Las Vegas Sun

March 29, 2024

State of the Valley:

Desert Divide

Recent murder case raises questions of racism

The 20-year-old woman walked into Rick Aco’s restaurant, a sad look covering her face. It had been almost two weeks since Zulma Yessenia-Pena lost her boyfriend to an apparent gang shooting, leaving the young woman to raise the couple’s three-year-old daughter. Las Vegas police had not found the killer. A newspaper story about the shooting sat atop a nearby table as the young widow walked by. She didn’t see it.

Yessenia-Pena and the late Jose Gilberto Guerrero are—and were—the sort of people who largely pass unnoticed through this region. She works as a dishwasher at Aco’s Samosa Factory restaurant and speaks little English. The 25-year-old Guerrero was a marble-cutter and landscaper, a hybridized job that demanded long hours until the economy slowed.

Police believe that the native Salvadoran might have been shot in one of those senseless rituals of street life, an out-of-town gang looking for a victim to kill as part of a barbaric initiation. He died May 17 after being shot in the chest while standing with five friends near Decatur Boulevard and Twain Avenue. Two of his buddies also were wounded.

Aco is trying to raise $7,000 to send the body to El Salvador for burial. The former sous chef at the Venetian’s Tao nightclub typically speaks softly, but there’s a noticeable poignancy to his voice as he reflects upon the death and some of the six online postings written in response to a Review-Journal story about the shooting.

One person, Narcissa, writes: “First of all, I would [like] to know if ANY of these people are/were here legally. Second, after years in this country, will someone PLEASE explain to me why this gal can’t or won’t speak English?

“I just wish these impoverished illiterates would go home. When we start getting invaded by 20 million nuclear scientists, lawyers, physicians and college professor(s), I might change my point of view, but until that happens …”

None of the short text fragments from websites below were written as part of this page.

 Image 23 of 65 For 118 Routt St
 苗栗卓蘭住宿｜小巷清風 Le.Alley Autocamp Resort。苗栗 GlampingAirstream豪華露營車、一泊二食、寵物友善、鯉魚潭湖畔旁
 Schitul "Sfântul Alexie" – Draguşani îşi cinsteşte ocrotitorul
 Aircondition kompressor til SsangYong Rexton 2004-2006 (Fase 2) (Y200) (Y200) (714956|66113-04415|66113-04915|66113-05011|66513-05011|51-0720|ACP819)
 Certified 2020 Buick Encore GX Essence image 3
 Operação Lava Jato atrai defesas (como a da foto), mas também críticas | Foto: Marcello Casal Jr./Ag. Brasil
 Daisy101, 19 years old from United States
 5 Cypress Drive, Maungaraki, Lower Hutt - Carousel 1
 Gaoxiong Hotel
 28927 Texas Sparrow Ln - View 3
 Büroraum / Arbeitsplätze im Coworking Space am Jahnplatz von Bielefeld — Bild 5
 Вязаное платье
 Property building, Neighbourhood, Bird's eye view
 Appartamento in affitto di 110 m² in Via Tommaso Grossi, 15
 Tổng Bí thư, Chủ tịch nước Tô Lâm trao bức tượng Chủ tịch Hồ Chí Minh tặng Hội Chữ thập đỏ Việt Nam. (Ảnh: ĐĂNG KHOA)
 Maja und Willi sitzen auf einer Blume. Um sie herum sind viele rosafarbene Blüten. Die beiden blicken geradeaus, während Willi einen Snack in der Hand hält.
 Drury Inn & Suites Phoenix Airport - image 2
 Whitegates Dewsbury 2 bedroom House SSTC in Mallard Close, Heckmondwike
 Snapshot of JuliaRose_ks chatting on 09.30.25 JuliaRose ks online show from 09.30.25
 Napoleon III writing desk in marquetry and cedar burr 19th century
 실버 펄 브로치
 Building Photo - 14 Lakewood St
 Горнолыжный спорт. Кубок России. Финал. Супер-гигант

Similar postings appear. Joe C. adds: “My question is are they here legally? If so, it’s a decent thing Rick Aco the restaurant owner is doing. If they are illegally here I’m sorry for [the loss], but then Mr. Aco should be arrested for hiring an illegal immigrant. We are forced to deal with a huge upswing in crime partly because of illegal immigration, and I have a hard time giving if they are part of the problem.”

Granted, the anonymity and random nature of web postings makes them questionable as sources, but it raises an interesting social issue nonetheless.

One of every four Southern Nevadans, or about 500,000 people, is identified as Hispanic. That number could be larger. Demographers say 50,000 Latinos could be here illegally.

It’s difficult to find accurate figures, but you know the story. They build and renovate our homes, cut our lawns, wash our cars, clean our dishes, watch our children, dry clean our clothes. What’s often lost in this conversation is the emotional anguish that comes with the immigrant experience. Take the time to talk with undocumented workers, and you’ll find that a large number would rather return home.

They’re away from family, friends, their ancestral land. Many speak of the alienation of knowing that they are hated and resented by many Americans.

Some are profesionals—just the sort of people “Narcissa” wishes would move here. But their college degrees and professional credentials are not accepted in this country, so they fill jobs that often go unfilled. Economists note that the large army of the unemployed does help drive down wages, and that’s created a great deal of the tension in the anti-immigrant story.

The Samosa Factory’s Rick Aco shakes his head in amazement at the online anger over Guerrero’s death. Aco’s lived and worked in New York City, Oklahoma and Colorado. He’s traveled throughout Central America. His world is filled with long days and the challenges of hiring hourly wage workers to cook and clean, all while competing for labor with the better-paying giants of the Las Vegas Strip.

Aco recognizes that many Southern Nevadans are caring people; several of the online postings reflect that attitude. But the restaurant owner asks: Where’s the compassion? The sense of shared danger? A Christian sense of caring?

Aco asks, “Do these people realize that someone was murdered?”